Page 1 of 1

Mule or planchet error?

Posted: Sun Jan 30, 2022 10:58 am
by Coinsforsale
Hi. I have a 1943 brown "penny" coin that is 12-sided. The Reverse has a Canadian 1 cent profile wihle the Obverse appears to be a British 3p profile. Thoughts on whether to classify this as a Mule or a Planchet error? Thanks.

Re: Mule or planchet error?

Posted: Sun Jan 30, 2022 11:28 am
by coinguy
We will have to see clear photos of both sides before determining what you have.
It would be impossible though to have what you are describing.
Canadian 12 sided coins didn’t start until 1982

Re: Mule or planchet error?

Posted: Sun Jan 30, 2022 11:56 am
by Coinsforsale
My mistake. I did an internet search on a 12-sided coin and it came back with the 1943 3p example.
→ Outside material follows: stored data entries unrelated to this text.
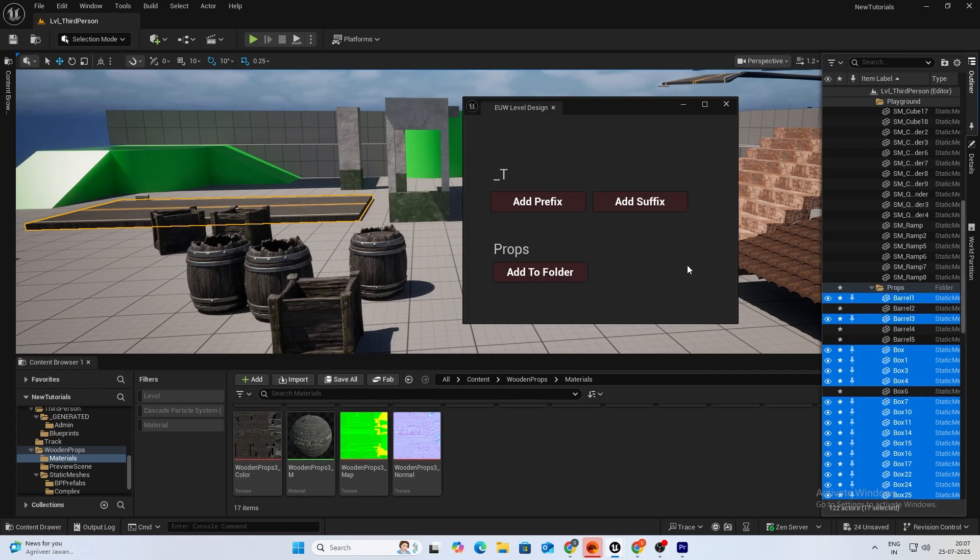So yeah, these are just some simple tools which came to my mind. If you all have any special request, anything which you want to see with editor utility widget, do let me know and I'll make it happen. So let's dive into the video.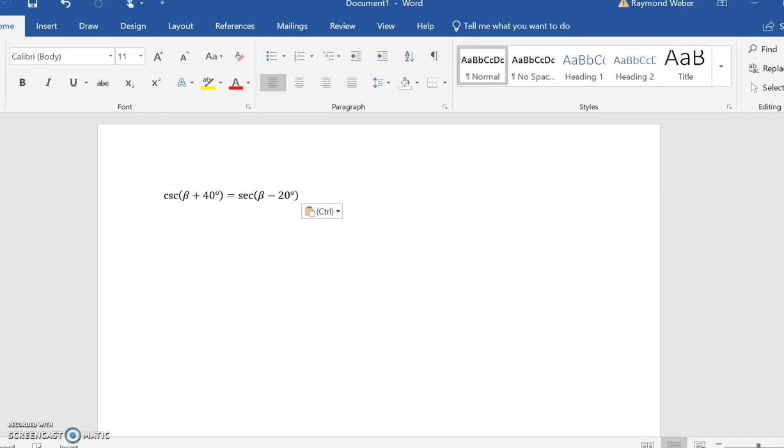We're going to use our co-functions to help us. The co-function of cosecant is secant, which also means the co-function of secant is cosecant. You can go either way, but I'm going to change cosecant to secant.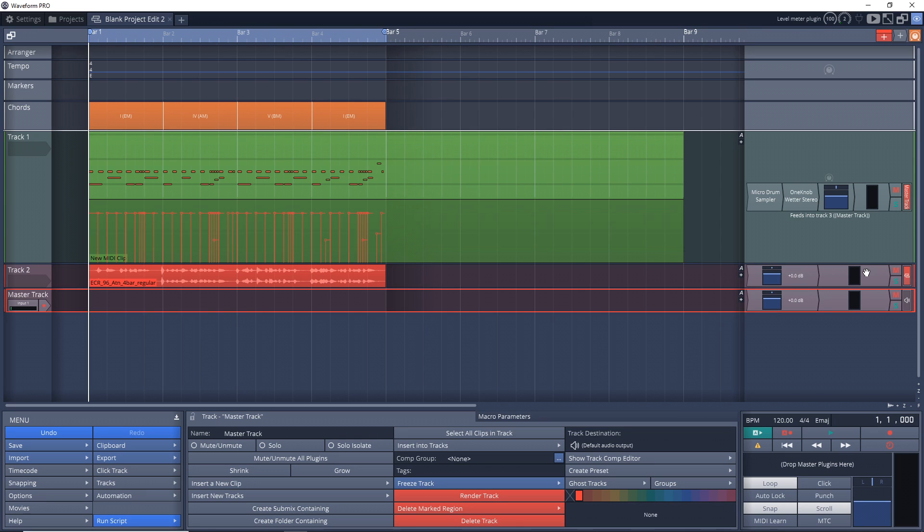And one thing to note is if you change the output on a bus and then you remove a track from that bus, you may need to change that individual track to output to the master track.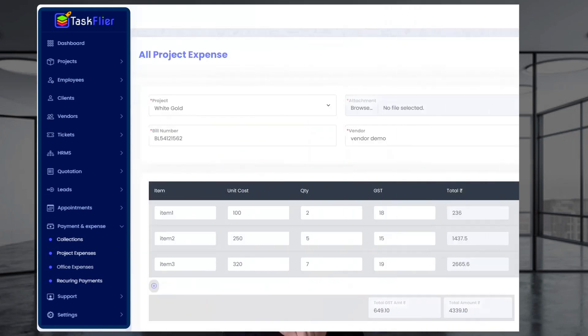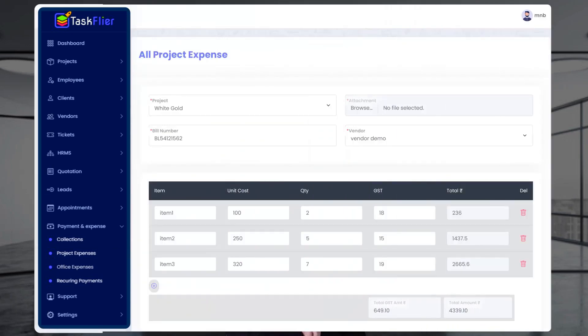The second option is All Project Expenses, which means all your projects and all your reports will be visible to you with proper payment information. So this is all easy.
The Obverse image on both the British and Canadian coins are the same. It is, however, 12-sided. I'll post a photo as soon as I figure out how to do it. Thank you.

Re: Mule or planchet error?

Posted: Sun Jan 30, 2022 12:13 pm
by Coinsforsale
Here you go, hope the quality is reasonable.
1943 Obverse.jpeg
1943 Obverse.jpeg (393.74 KiB) Viewed 2836 times
1943 Reverse.jpeg
1943 Reverse.jpeg (394.51 KiB) Viewed 2836 times

Re: Mule or planchet error?

Posted: Sun Jan 30, 2022 12:22 pm
by coinguy
That looks like it was intentionally done. See how uneven the length of each side is.
On a 12 sided coin, the sides are equal. Keep it as a novelty coin.
Also if you look closely, the wording is different on a Canadian vs UK coin.

Re: Mule or planchet error?

Posted: Sun Jan 30, 2022 12:51 pm
by TBH
Neither mule nor error.
Someone put in a lot of effort to make this.
It' a cool keeper for sure.

Re: Mule or planchet error?

Posted: Sun Jan 30, 2022 2:20 pm
by Coinsforsale
Coinguy and TBH, thanks for taking time on a Sunday to provide input. My father was an adid collector and has a pretty good collection of errors, I think. Problem is that he saved everything that came across his desk and now I'm validating.

Re: Mule or planchet error?

Posted: Fri Feb 18, 2022 8:31 pm
by SPP-Ottawa
Definitely a damaged coin, but these sometimes make cool conversation pieces. I use these when teaching collectors about the 'third die', the collar die and how to differentiate fabrications from real errors.